В Военно-Морском музее в Ленинграде экспонируется интереснейший документ.

«Милая, дорогая тетя Шура! Как ты обрадовала меня своим письмом! Ты столько дала мне бодрости, силы, что теперь нет для меня ничего страшного, нет ничего такого, что могло бы расстроить меня, заставить пасть духом. Только не дай пасть духом маме и убеди ее, что был я прав и пострадал невинно, что прямо и смело встретил этот удар судьбы, с верой, что воссияет солнце правды над землей. Милая, я помню тебя все эти дни, помню всех, кто только был близок ко мне, и, конечно, до самой последней минуты с вами. Не о себе я думал, для меня лучшее — избавиться навсегда от всех горестей и забот, думал о вас, жалко расставаться с вами. Что совершилось, того не изменить, поступил я, как мне подсказывали совесть и долг, и я совершенно чист перед собою. Прощай, дорогая, милая тетя, будь счастлива, верь в жизнь. Прощай.

Любящий тебя, крепко любящий Женя.

29 июля 1906 года».

«Простите, милая, дорогая тетя Шура, за те муки, которые причинили Вам последними днями. Но я спокоен, я знаю, что помыслы все Ваши с нами. Спасибо, дорогая, за это, оно подкрепляет нас в последние минуты. Прощайте, дорогая, милая Шуринька.

Целую крепко-крепко. Любящий Вас Аркадий.

От души всех Вам благ».

Эти строки были написаны Евгением Коханским и Аркадием Емельяновым перед расстрелом.

И вот я сижу в комнате «тети Шуры» — Александры Матвеевны Лавровой.

— В то время мы жили в Петербурге. В крепость ездил отец Евгения — Лев Клементьевич, подполковник в отставке, герой турецкой войны. Его сопровождал второй сын — Лева, кадет Александровского корпуса. В Свеаборге была также мать Аркадия Вера Константиновна, его старший брат Борис, артиллерийский офицер, и невеста Женя Белостоцкая.

Мать Евгения, моя сестра, Анна Матвеевна находилась в безутешном состоянии. И за ней самой и за малыми ее сыновьями — Николаем, Константином и Орестом — присматривать должна была я.

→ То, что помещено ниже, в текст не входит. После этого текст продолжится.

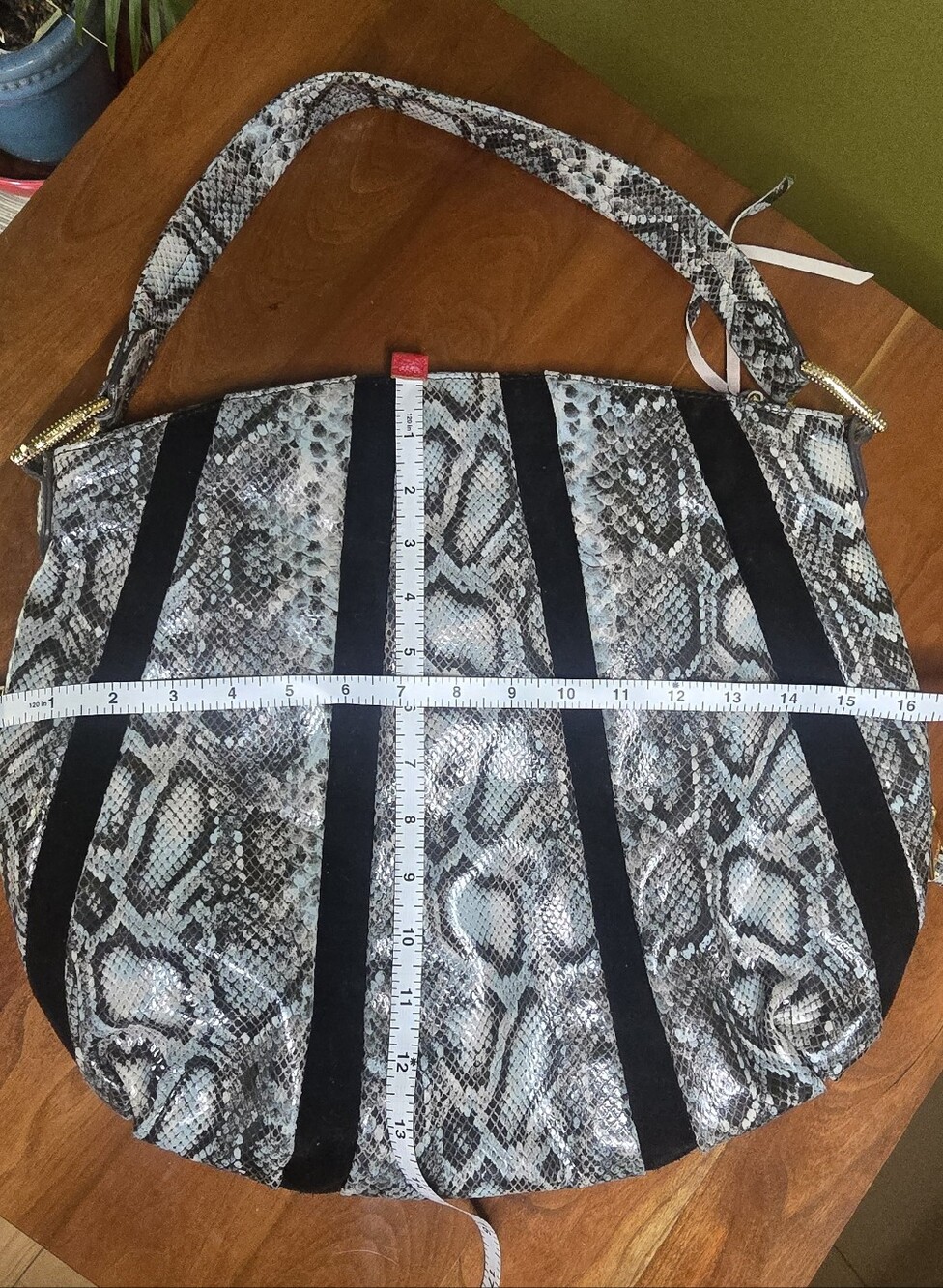 Aimee Kestenberg XL Tuscany Hobo Bag Snakeskin Print - Picture 10 of 14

Со Львом Клементьевичем послала Жене и Аркаше свою записку. В ней, как сейчас помню, писала: «Я знаю вас и не верю, что вы совершили что-то преступное». Ответ был написан на одном листе бумаги. Они дружили почти одиннадцать лет, со второго класса кадетского корпуса. И рядом погибли…

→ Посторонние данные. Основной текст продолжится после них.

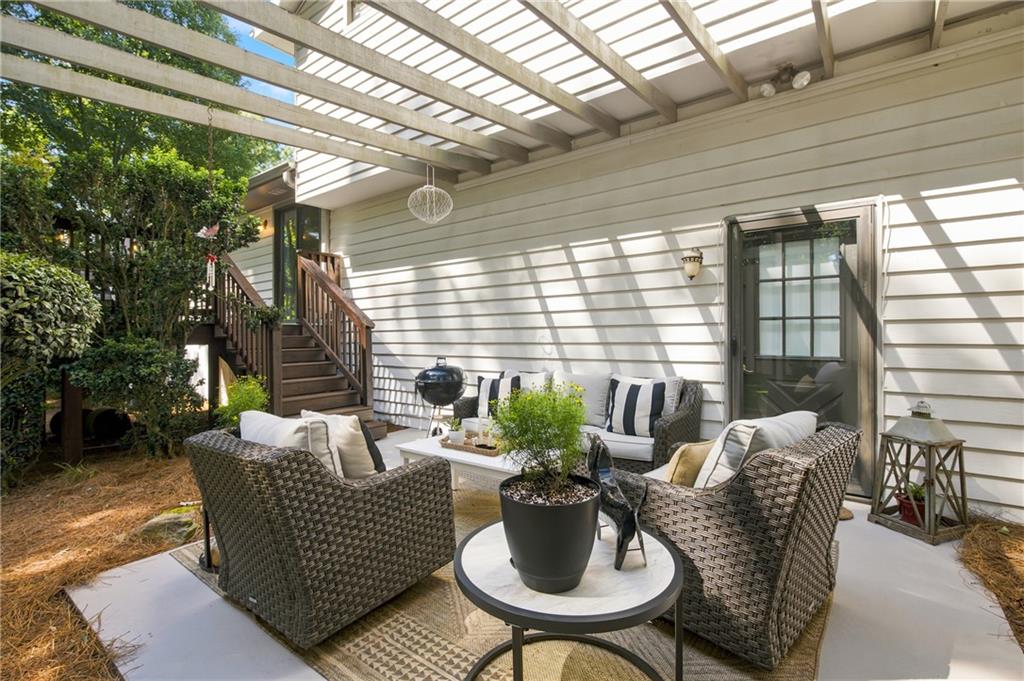 1088 Oak Grove Circle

Так прозвучало еще одно живое слово о героях Свеаборга.

«Живым не возьмете!»

Балтийская легенда - i_018.jpg

В цех быстро вошел слесарь Коппель. Он подошел к Тамбергу и, едва сдерживая волнение, тихо проговорил:

— Крейсер в бухте.

— А флаг? — спросил Тамберг.

— На средней мачте, кажется, красный.

— Иди на водокачку. Сейчас буду там.

Тамберг поработал еще минут пять, собираясь с мыслями. Потом прошел в другой конец цеха и подал знак Альтдорфу.